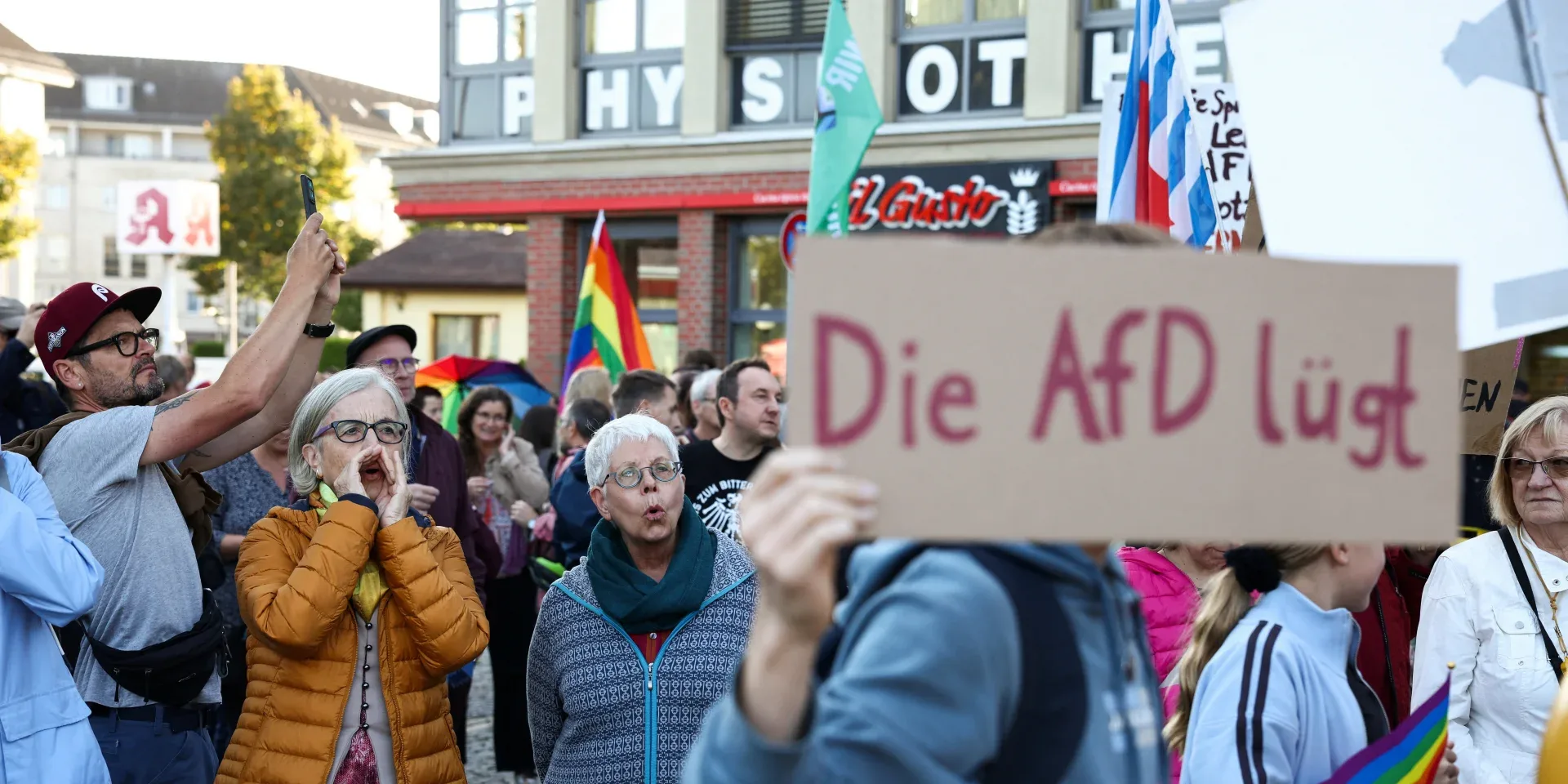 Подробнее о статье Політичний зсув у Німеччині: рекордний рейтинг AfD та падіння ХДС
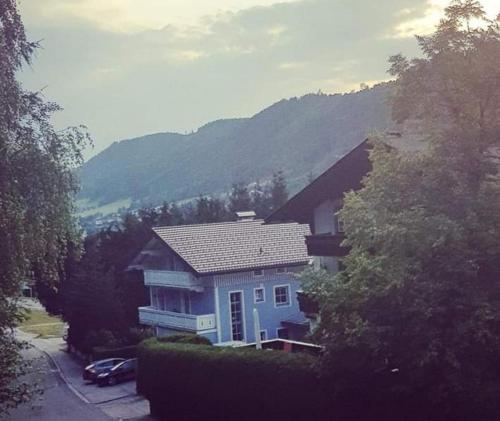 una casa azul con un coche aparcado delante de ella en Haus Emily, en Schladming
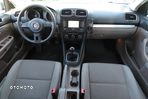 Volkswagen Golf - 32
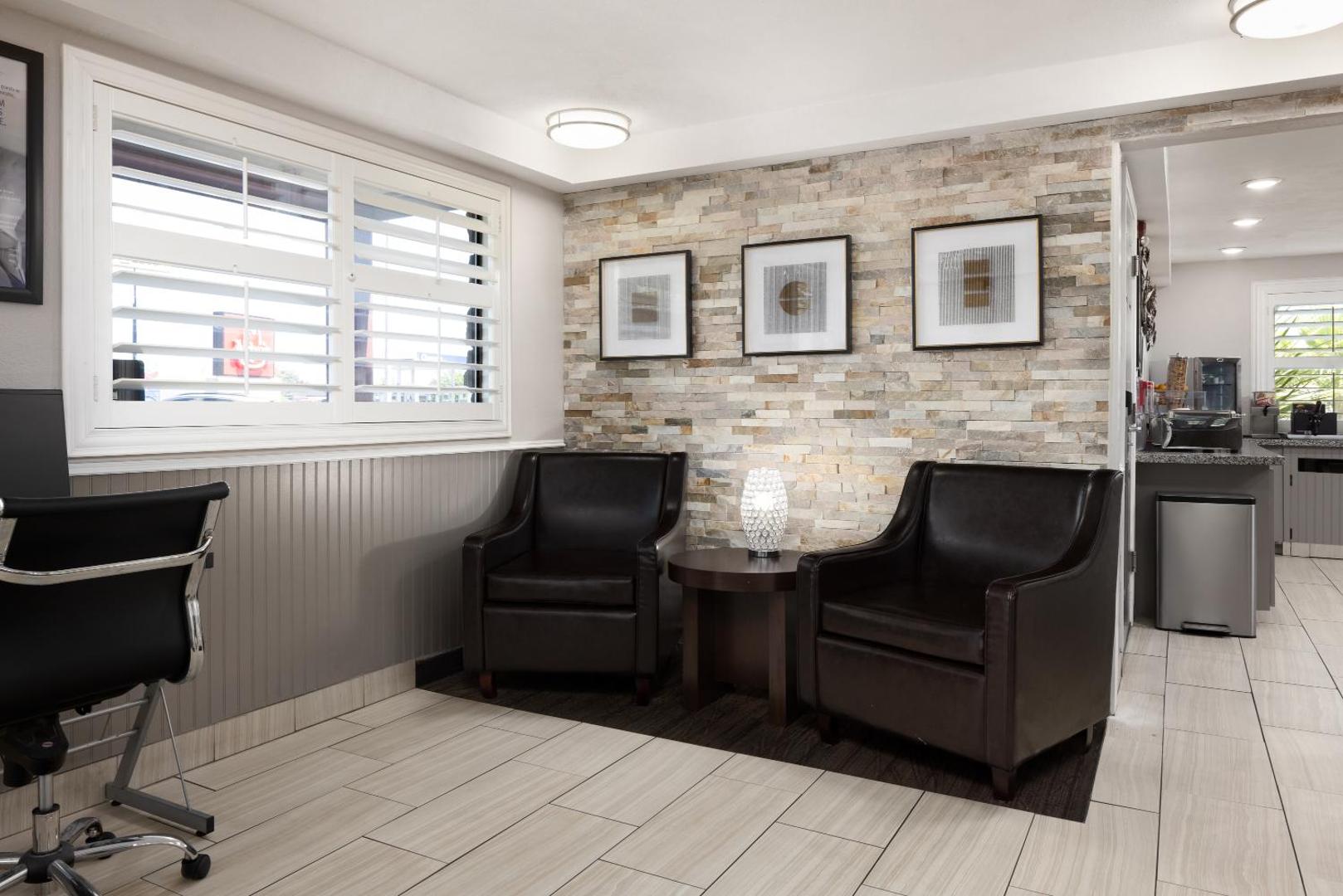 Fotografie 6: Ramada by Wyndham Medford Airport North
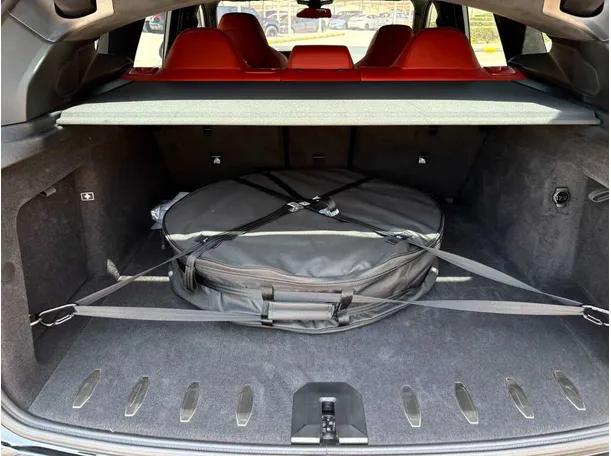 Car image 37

* * * *

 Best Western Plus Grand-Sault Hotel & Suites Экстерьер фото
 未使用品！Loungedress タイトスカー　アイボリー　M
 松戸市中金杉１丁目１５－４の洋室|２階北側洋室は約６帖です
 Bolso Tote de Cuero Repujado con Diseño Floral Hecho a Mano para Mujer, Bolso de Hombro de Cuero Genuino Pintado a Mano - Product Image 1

* * * *

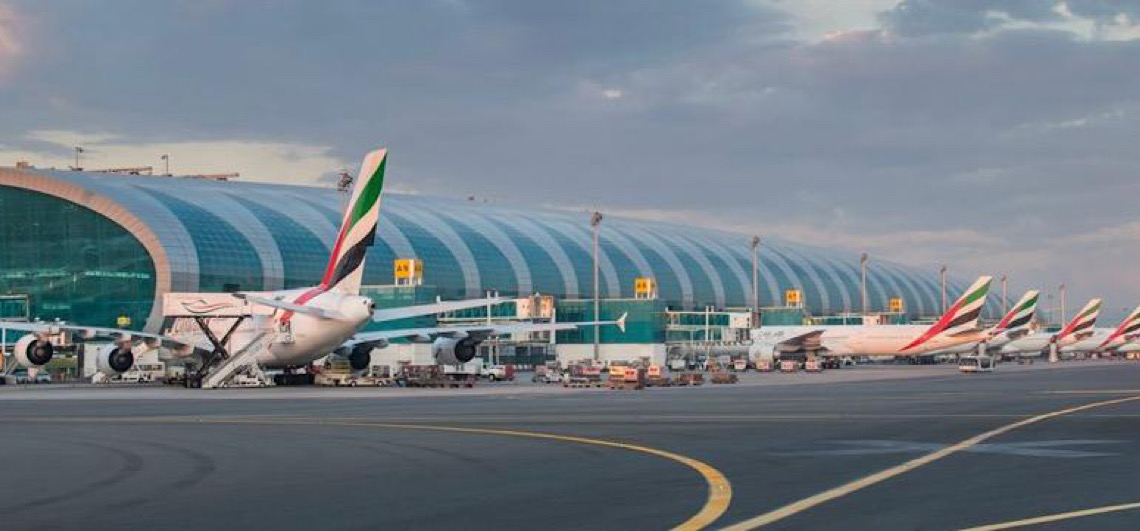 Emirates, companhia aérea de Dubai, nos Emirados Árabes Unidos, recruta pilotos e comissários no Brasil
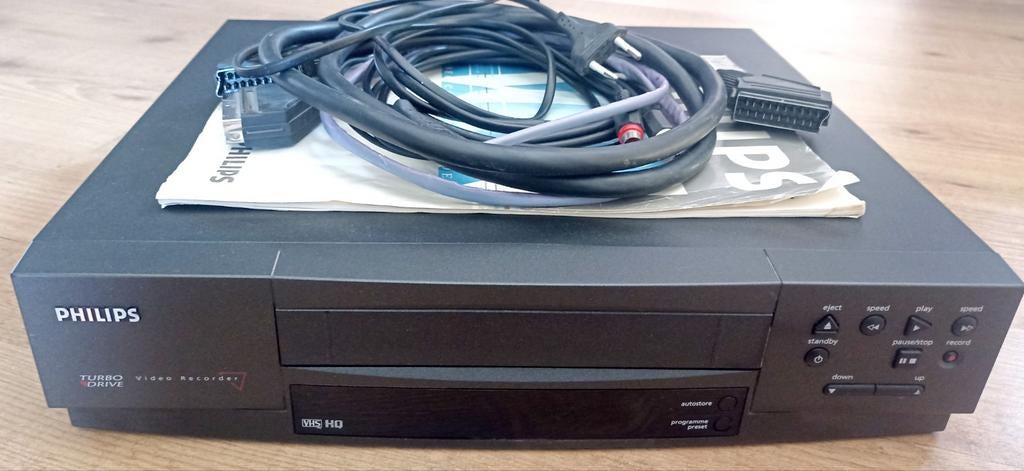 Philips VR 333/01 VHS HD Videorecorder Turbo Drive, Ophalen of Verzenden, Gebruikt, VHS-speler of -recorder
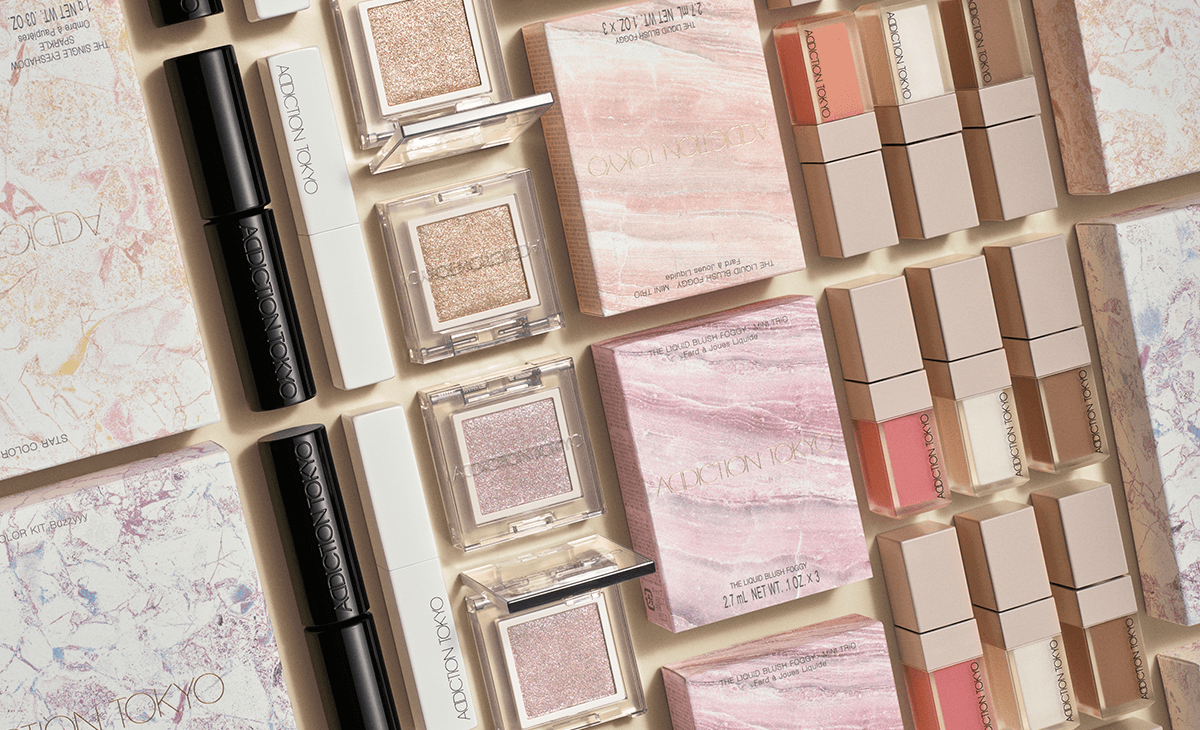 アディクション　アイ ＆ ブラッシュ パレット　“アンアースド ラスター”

* * * *

> _ASSIGNMENT_: Everything above from the line containing "Emirates, companhia aérea" through the line containing "アディクション　アイ ＆ ブラッシュ" must be repeated exactly, and the pictures must be left out.

> _SOLUTION FOR THIS EXERCISE_:
 Emirates, companhia aérea de Dubai, nos Emirados Árabes Unidos, recruta pilotos e comissários no Brasil
 Philips VR 333/01 VHS HD Videorecorder Turbo Drive, Ophalen of Verzenden, Gebruikt, VHS-speler of -recorder
 アディクション　アイ ＆ ブラッシュ パレット　“アンアースド ラスター”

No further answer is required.